Obrońcy zwierząt utrzymywali, że dalsze zmuszanie koni do pracy podczas upałów naraża je na utratę zdrowia i życia, na udary i zasłabnięcia.
Krakowskie Stowarzyszenie Obrony Zwierząt domaga się już od 8 lat wprowadzenia całkowitego zakazu ruchu dorożek w Krakowie. Takie zmiany zaszły już m.in. w Londynie, Paryżu, Rzymie, Brukseli czy Barcelonie.
"Wykorzystywanie koni w celach rozrywkowych w centrum wielkiego miasta w XXI wieku jest bowiem naszym zdaniem niegodziwe etycznie, całkowicie sprzeczne z jakimkolwiek dobrostanem tych zwierząt sprowadzonych do roli przedmiotów, ale i sprzeczne z racjonalnością oraz wymogami współczesności" - podaje organizacja.
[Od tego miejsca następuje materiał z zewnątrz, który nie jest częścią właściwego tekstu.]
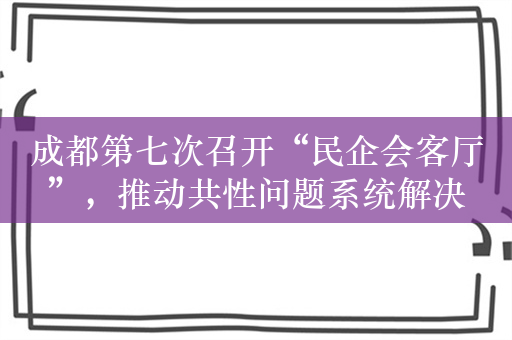 成都第七次召开“民企会客厅”，推动共性问题系统解决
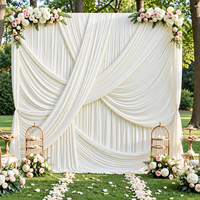 Rideaux plissés en soie de lait sur mesure pour toile de fond de mariage, idéaux pour la décoration d'événements et de fêtes de mariage (vente en gros)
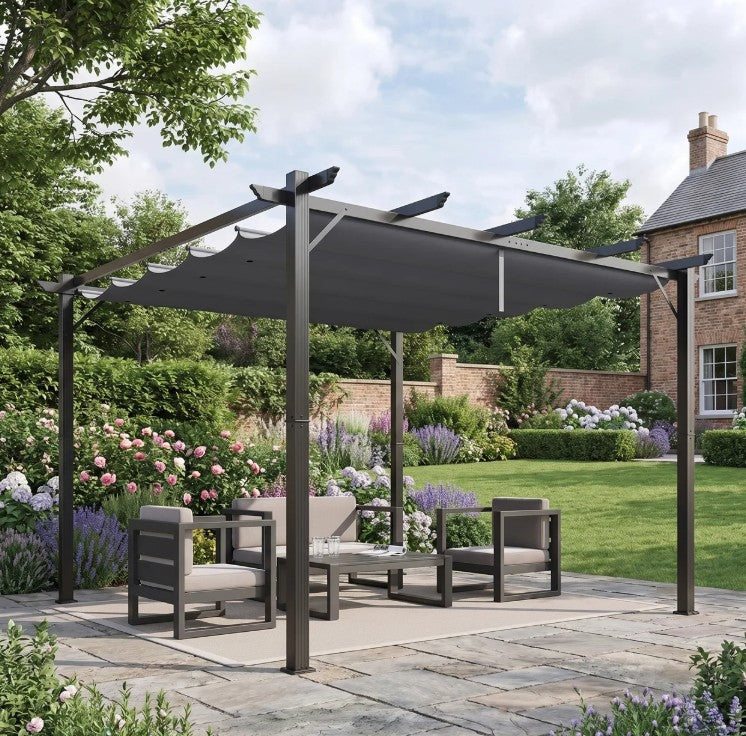 3m x 3m Aluminium Gazebo – Grey Retractable Canopy Roof, Outdoor Patio Shade Shelter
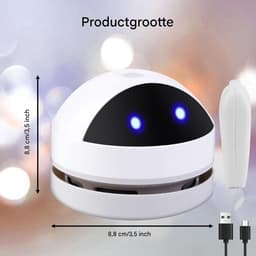 QTTVBTNA -2-in-1 Mini Tafelschoonmaker – Krachtige USB Oplaadbare Draadloze Stofzuiger 1200mAh – Compact en Stil voor Bureau, Laptop, Auto en Huis — thumbnail 2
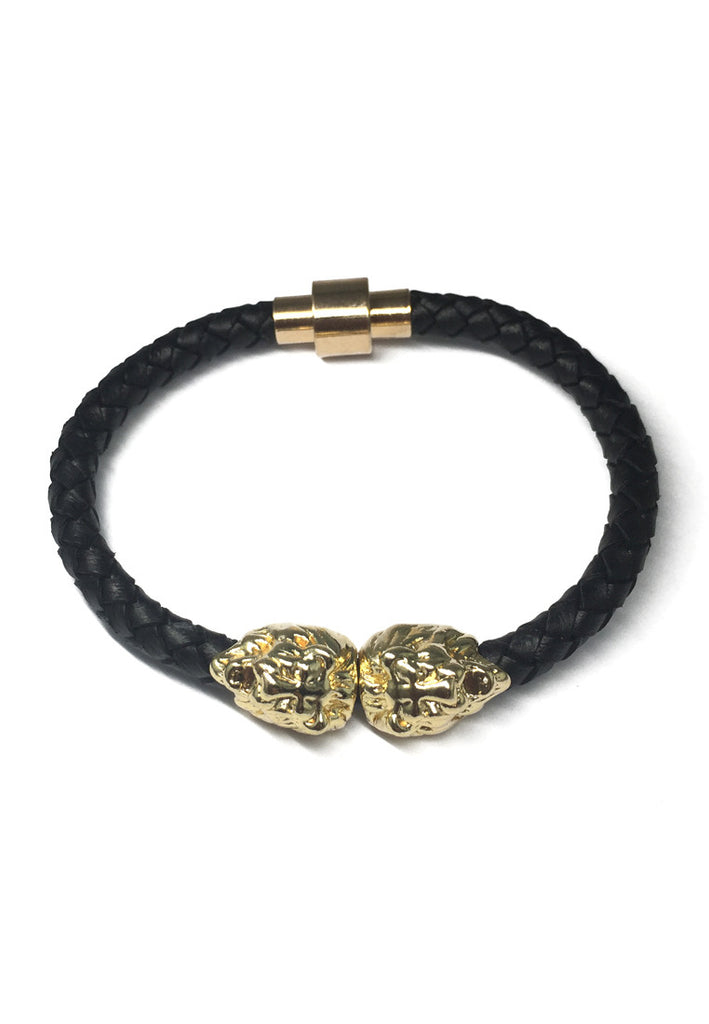 Duple Series Black Real Leather Strap with Double Gold Lion Head Bracelet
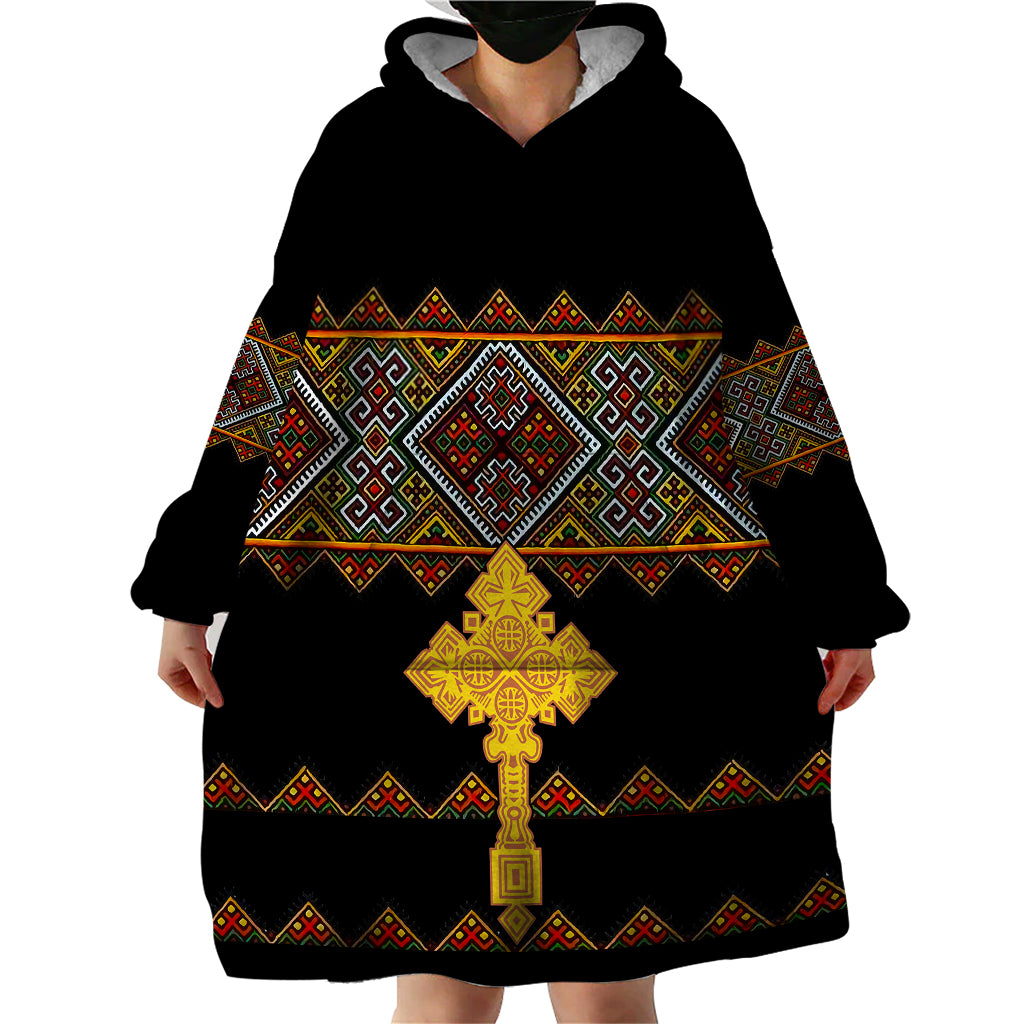 Eritrea Wearable Blanket Hoodie Tilet Mix Eritrean Cross - Black - Wonder Print Shop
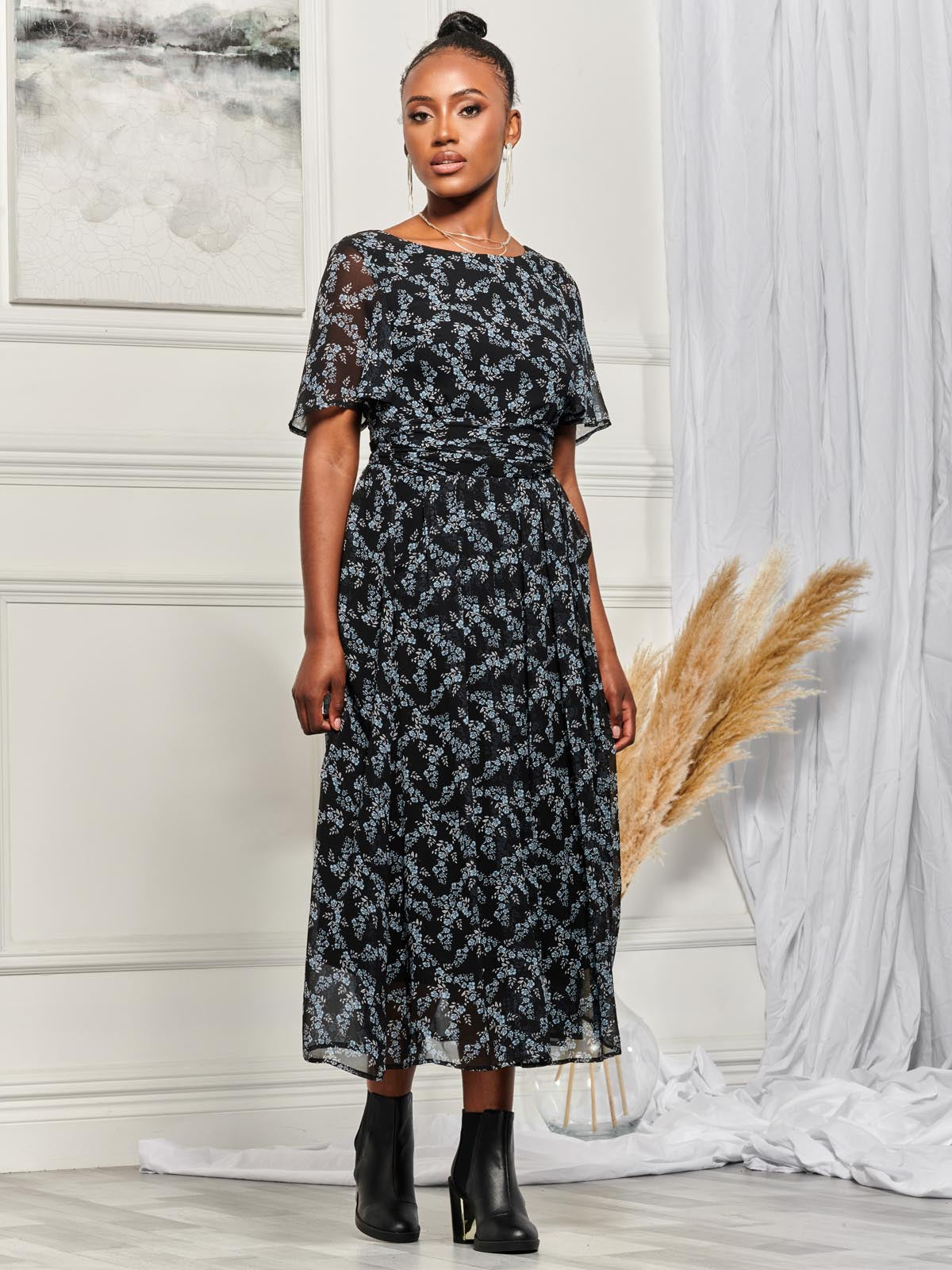 Angel Sleeve Chiffon Maxi Dress, Black Ditsy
Każdego roku w Krakowie odbywają się ponadto demonstracje aktywistów, którzy chcą zwrócić uwagę na cierpienie koni, którego, ich zdaniem, miasto nie dostrzega.
Wymogi miasta wobec dorożkarzy
Na Rynku Głównym może stacjonować maksymalnie 13 dorożek. Dorożkarze są zobowiązani zaprzęgać wyłącznie konie zdrowe, odpowiednio sprawne fizycznie, dobrze odżywione oraz niepłochliwe i dające sobą kierować. Mogą to być wyłącznie konie pięcioletnie lub starsze. Do zaprzęgu nie można używać ogierów, wnętrów oraz klaczy źrebnych. Dorożkarze muszą także posiadać paszporty koni z wpisem potwierdzającym ich oznaczenie elektronicznymi identyfikatorami (chipami) oraz wpisy o aktualnych badaniach lekarsko-weterynaryjnych.
Z umowy dla dorożkarzy wynika, że "dorożkarze mają obowiązek zapewnić zwierzętom właściwą ochronę przed niekorzystnymi warunkami atmosferycznymi, w szczególności dotyczy to upału".
Nie mogą w czasie gorących dni korzystać z wyznaczonego stałego postoju dla pojazdów zaprzęgowych w Rynku Głównym od godz. 12:00 do godz. 18:00, gdy temperatura w cieniu przekroczy 28˚C. W pozostałych godzinach, gdy temperatura powietrza przekroczy 28˚C dorożkarze mają obowiązek chronić konie przed słońcem i skutkami upału.